Our national AI strategy doesn't address the concerns of creators
Writers aren't scared of tools. We're wary of systems that take without consent and call it progress. That's the problem staring us down: AI trained on our books without permission, compensation, or clear limits.
New Zealand's current approach feels loose. The national AI strategy is vague, and the new arts plan, Amplify, somehow didn't even mention books. Meanwhile, AI companies train on pirate libraries and retail copies alike, then ship products that compete with us.
What's actually happening
- Models have been trained on huge datasets that include copyrighted books scraped without consent. Datasets like LibGen have been used for machine learning, putting licensed and pirated copies into the same blender.
- Writers around the world are pushing back. Hundreds of UK artists warned their government that giving away creative work would gut future income and cultural autonomy. Across the EU, creators argue the AI Act still misses the mark for rights-holders.
- In Australia, authors are rejecting a blanket copyright exception for AI training. As Trent Dalton put it, "AI just steals the shiny finished product." Thomas Keneally: "It's copyright.

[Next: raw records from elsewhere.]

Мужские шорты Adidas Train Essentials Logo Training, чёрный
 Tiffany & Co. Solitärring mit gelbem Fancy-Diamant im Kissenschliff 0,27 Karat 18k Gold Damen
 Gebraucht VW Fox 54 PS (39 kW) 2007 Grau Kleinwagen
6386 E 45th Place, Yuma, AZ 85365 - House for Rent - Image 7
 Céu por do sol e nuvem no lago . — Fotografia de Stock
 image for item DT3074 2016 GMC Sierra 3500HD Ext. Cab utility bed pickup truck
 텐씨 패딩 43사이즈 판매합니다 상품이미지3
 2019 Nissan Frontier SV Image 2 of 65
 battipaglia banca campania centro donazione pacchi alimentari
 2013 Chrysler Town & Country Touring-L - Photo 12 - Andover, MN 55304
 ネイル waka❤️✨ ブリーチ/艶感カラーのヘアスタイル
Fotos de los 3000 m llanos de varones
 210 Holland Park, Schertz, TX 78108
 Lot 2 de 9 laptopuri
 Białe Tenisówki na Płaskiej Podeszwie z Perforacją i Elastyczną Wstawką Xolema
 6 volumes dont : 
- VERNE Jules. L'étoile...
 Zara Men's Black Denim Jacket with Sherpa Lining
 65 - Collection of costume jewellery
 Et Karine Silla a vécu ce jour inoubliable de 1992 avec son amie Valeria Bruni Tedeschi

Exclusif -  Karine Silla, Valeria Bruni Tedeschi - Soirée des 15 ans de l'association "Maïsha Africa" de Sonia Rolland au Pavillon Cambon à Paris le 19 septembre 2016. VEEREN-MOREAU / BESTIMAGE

And our right has been taken away."
- Litigation is active and messy. One major case resulted in a reported settlement that still left a loophole: preventing training on pirated copies but not necessarily on purchased ones. That's a direct hit to authors' rights.
Why this matters for working writers
- Unlicensed training dilutes your income, your voice, and your edge. It floods the market with derivative work that looks like you but isn't you.
- Your contracts, reprint rights, and licensing leverage weaken when "good enough AI" is the fallback. That's a bargaining problem, not just a tech problem.
- We still have a strong reading culture. A 2025 Read NZ survey found 87% of New Zealand adults read a book in the past year. Protecting that ecosystem should be obvious policy.
- Our literature is part of national identity. If we don't set guardrails, we flatten our distinct voices into training data.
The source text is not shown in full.